It seems the known/old doesn’t reveal the unknown/new, rather hides it.

So when is death? When actually do we die?

Are we sharing the same understanding of ‘death?’ If not, ahoy Tower of Babel! So let’s agree.

Death, what is it?

An ending?
A transition?
An idea?

An ending which is also a beginning? - freedom from the known.

Isn’t all psychological thought a form of death? That is, any thought of mine about you or any thought of yours about me - these thoughts may change, the images may modify themselves, but the thought and the image is never alive. The thought and the image is a dead representation of a moving, changing phenomenon. Thought is a movement from one dead thing to another. Because it is moving, it has the appearance of being something alive while yet dead. When this movement stops, which is the ending of thought, then living and dying are not separate from one another. Therefore, any relationship that negates thought is already outside the field of death. But there is another field altogether where living and dying run together.

As I see things: Thoughts and images are alive, it’s what they represent that are not. When I remember the 22 year old Rick who had just moved to Heidelberg, the memories-feelings that arise are alive, filled with energy and movement, while the 22 year old Rick is long gone. So the issue is not that the images are dead, rather the actuality they represent is, and the brain is all too easily fooled into believing that the images are the actuality.

Thought is a movement from one dead thing to another.

Now this sounds right to me, the things thought recalls are dead und gone.

Because it is moving, it has the appearance of being something alive while yet dead.

This is where our understandings part: For me thought is very alive. Or at least it can be.

What might begin with death?

A vacation for the mind… Freedom.

Are you thinking of physical death, psychological death, both, neither?

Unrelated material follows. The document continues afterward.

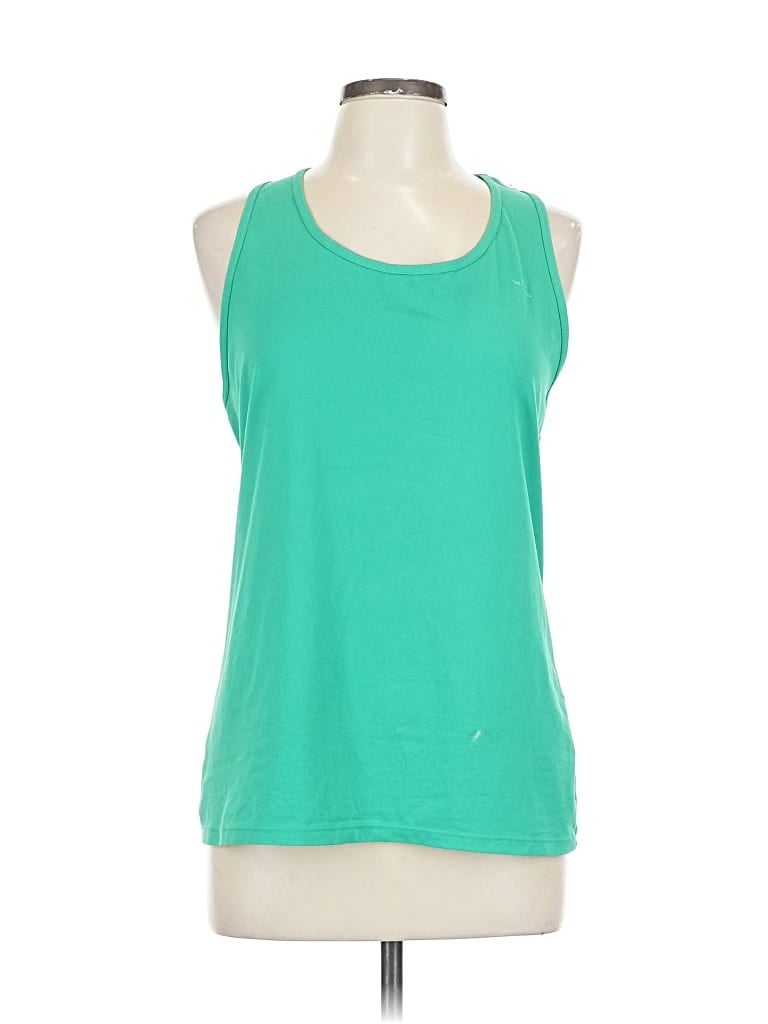 Pre-owned Assorted Brands Sleeveless T-shirt In Green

Yet thought has no direct contact with actuality. Therefore, is it living? There is a difference between being alive and living, just as there is a difference between being dead and dying. One cannot be alive and dead at the same time; whereas living and dying cannot exist one without the other. Although thought may feel alive, it is only being resurrected with the aid of memory. What happens when thought and memory stay dead by remaining completely quiet and inactive? What happens then in our relationship with each other?